Cyaniding is a case hardening process used to increase the surface hardness of low-carbon steels. It involves the introduction of carbon and nitrogen into the surface layer of the steel to form a hard, wear-resistant outer layer while maintaining a softer and tougher core. The cyaniding process typically involves the following steps:

1. Preparation of the Steel: The steel parts to be treated are cleaned thoroughly to remove any surface contaminants, such as oil, grease, or rust. Proper cleaning ensures good metallurgical bonding during the cyaniding process.
2. Cyanide Bath: The cleaned steel parts are then immersed in a molten bath of cyanide salts. The cyanide salt used is usually sodium cyanide (NaCN) or potassium cyanide (KCN). This bath is typically heated to temperatures ranging from 760°C to 950°C (1400°F to 1740°F).
3. Diffusion: At the elevated temperatures of the cyanide bath, carbon and nitrogen atoms from the cyanide salts diffuse into the surface layer of the steel. The cyanide salts dissociate, releasing carbon and nitrogen, which then diffuse into the steel surface.
4. Formation of Compound Layer: The carbon and nitrogen atoms diffuse into the steel lattice, forming hard carbonitride compounds such as Fe3C (iron carbide) and Fe4N (iron nitride) within the surface layer.

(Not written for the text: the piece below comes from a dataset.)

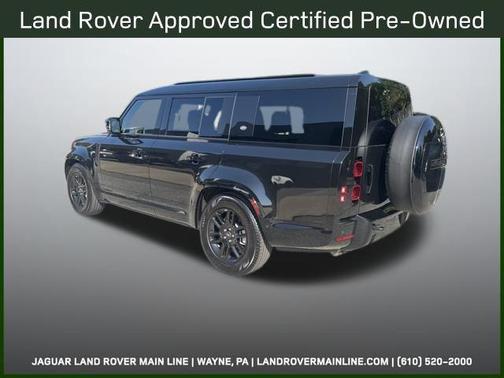 2024 Land Rover Defender 130 P400 X-Dynamic SE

These compounds contribute to the increased hardness and wear resistance of the treated steel.
5. Quenching: After the desired case depth is achieved, the steel parts are rapidly quenched in water or oil to cool them quickly. Quenching "freezes" the carbon and nitrogen atoms in the hardened surface layer, preventing them from diffusing back into the core of the steel.
6. Finishing Operations: Finally, the cyanided steel parts may undergo additional finishing operations such as grinding, polishing, or machining to achieve the desired surface finish and dimensional accuracy.

Cyaniding is commonly used for applications where improved wear resistance and surface hardness are required, such as gears, cams, shafts, and various machine components. It is particularly suitable for low-carbon steels that do not respond well to conventional heat treatment methods such as quenching and tempering.